L’accord signé par l’Union européenne et la Mauritanie ce jeudi 8 février doit officiellement développer les relations économiques. Cependant, c’est pour officieusement bloquer les migrants que Nouakchott va recevoir de l’argent européen.
Officiellement, c’est un accord sur les relations économiques entre la Mauritanie et l’Union européenne. Mais le déplacement de Ursula von der Leyen, du chef du gouvernement espagnol, Pedro Sanchez et d’Hans Leitjens, le directeur de l’agence de contrôle des frontières européennes Frontex, dit autre chose. C’est bien un accord pour stopper le flux migratoire vers l’Europe que les dirigeants Européens sont allés chercher à Nouakchott.
La Mauritanie est un des pays du Sahel les plus stables dans cette région gangrenée par les attaques djihadistes. Le pays accueille actuellement 150 000 réfugiés ayant fui l’insécurité régnant au Mali et est devenu un pays de transit pour rejoindre l’Europe. « La Mauritanie est un pays de transit qui connaît aussi une augmentation des départs de migrants depuis sa côte vers l’Espagne », explique Camille Le Coz, directrice associée au centre de recherche Migration policy institute et membre du réseau Désinfox migrants.
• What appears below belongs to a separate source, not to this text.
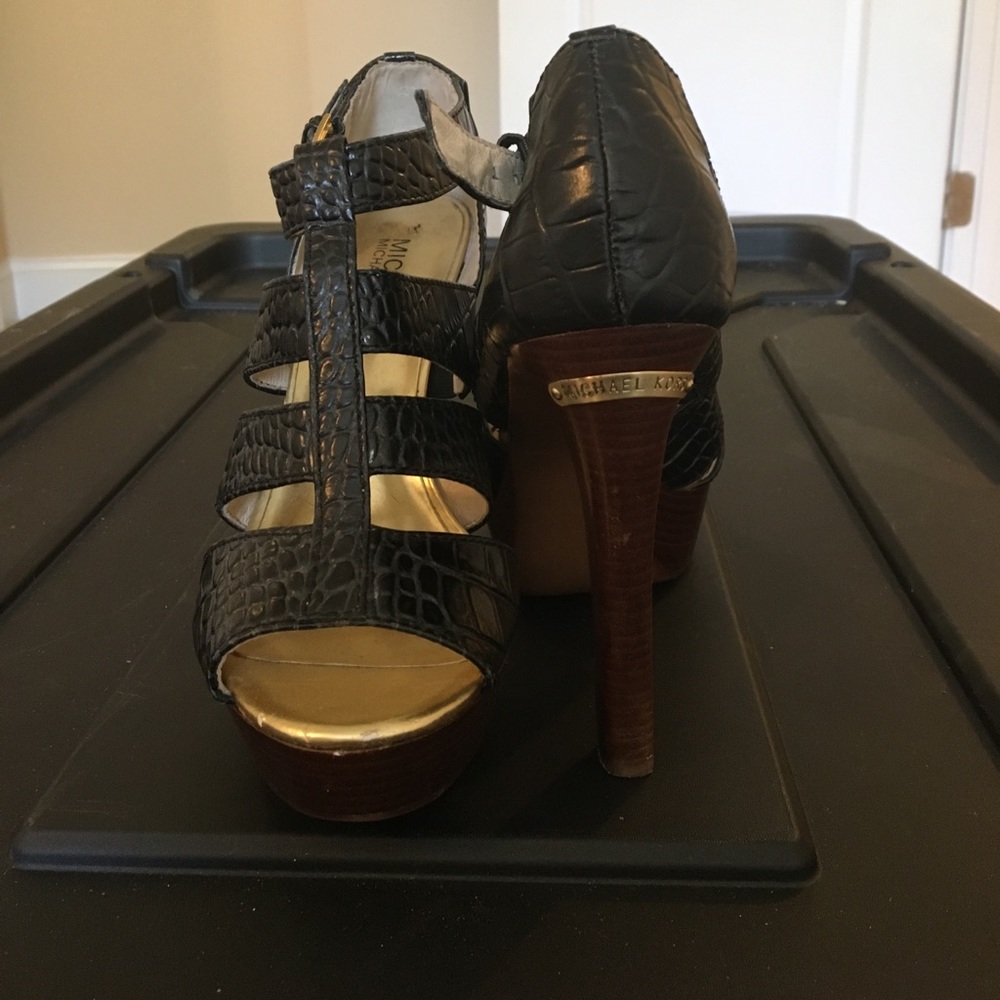 Micheal Kors high heel black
L’ex-général et président (depuis 2019) Mohamed Ould el-Ghazouani recevra pour son pays de nombreux fonds européens. 22 millions d’euros de plus pour son armée, le financement d’un grand projet routier le long de la côte entre Nouakchott et Nouâdhibou (deuxième ville du pays) ainsi que celui d’une ligne à haute tension de 1 400 km, allant de la capitale à Néma dans l’Est, avec une centrale solaire à Kifa. Surtout, la Mauritanie va recevoir 210 millions d’euros pour la gestion des flux migratoires vers l’Europe.
« La question qui se pose est de savoir les conséquences pour les migrants non mauritaniens : seront-ils renvoyés vers leurs pays ou pourront-ils rester sur place si leur bateau est intercepté ? », s’interroge Camille Le Coz. « Comme pour le Niger, il va être demandé aux autorités de Mauritanie de démanteler les réseaux locaux de passeurs. »
Rappelons que la Commission a signé en juillet 2023, en présence des chefs de gouvernements italien et néerlandais (Giorgia Meloni et Mark Rutte) un accord similaire à Tunis avec le même vocable qu’avec la Mauritanie,« partenariat stratégique » . Officiellement pour développer l’économie locale. Cependant, le président tunisien Kaïs Saied a rejeté en octobre les 127 millions d’euros de l’UE. Car les Européens n’amenaient en réalité que la moitié de cet argent, l’autre partie étant la réaffectation de crédits déjà prévus.